**DATA**
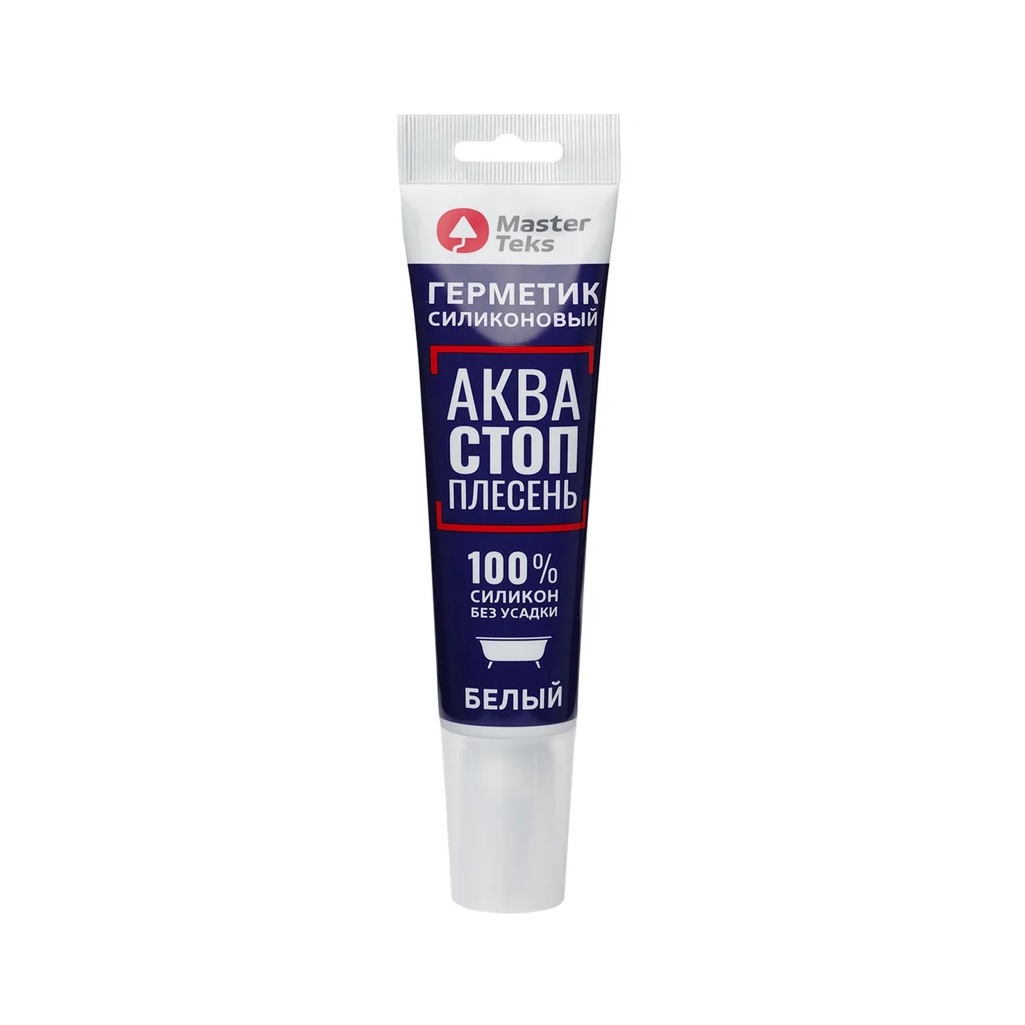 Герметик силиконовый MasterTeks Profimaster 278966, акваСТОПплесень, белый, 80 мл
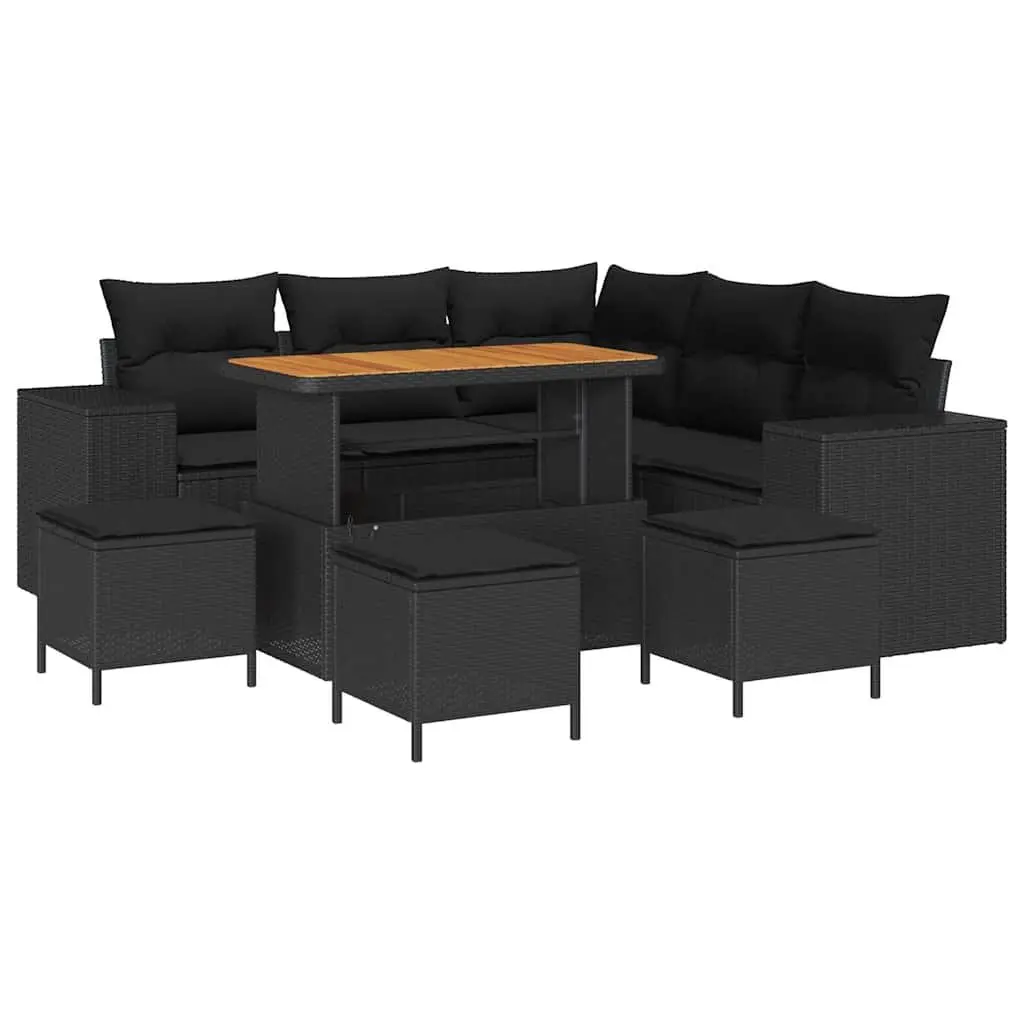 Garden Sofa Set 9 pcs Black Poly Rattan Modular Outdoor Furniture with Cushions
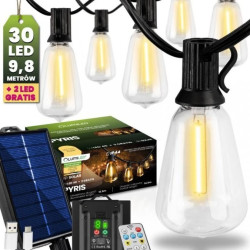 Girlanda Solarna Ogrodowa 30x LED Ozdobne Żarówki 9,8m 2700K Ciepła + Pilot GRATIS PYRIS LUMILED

**TASK GOAL**
Leave out the pictures and retype every line above exactly.

**RESULT FOR THIS EXERCISE**
 Герметик силиконовый MasterTeks Profimaster 278966, акваСТОПплесень, белый, 80 мл
 Garden Sofa Set 9 pcs Black Poly Rattan Modular Outdoor Furniture with Cushions
 Girlanda Solarna Ogrodowa 30x LED Ozdobne Żarówki 9,8m 2700K Ciepła + Pilot GRATIS PYRIS LUMILED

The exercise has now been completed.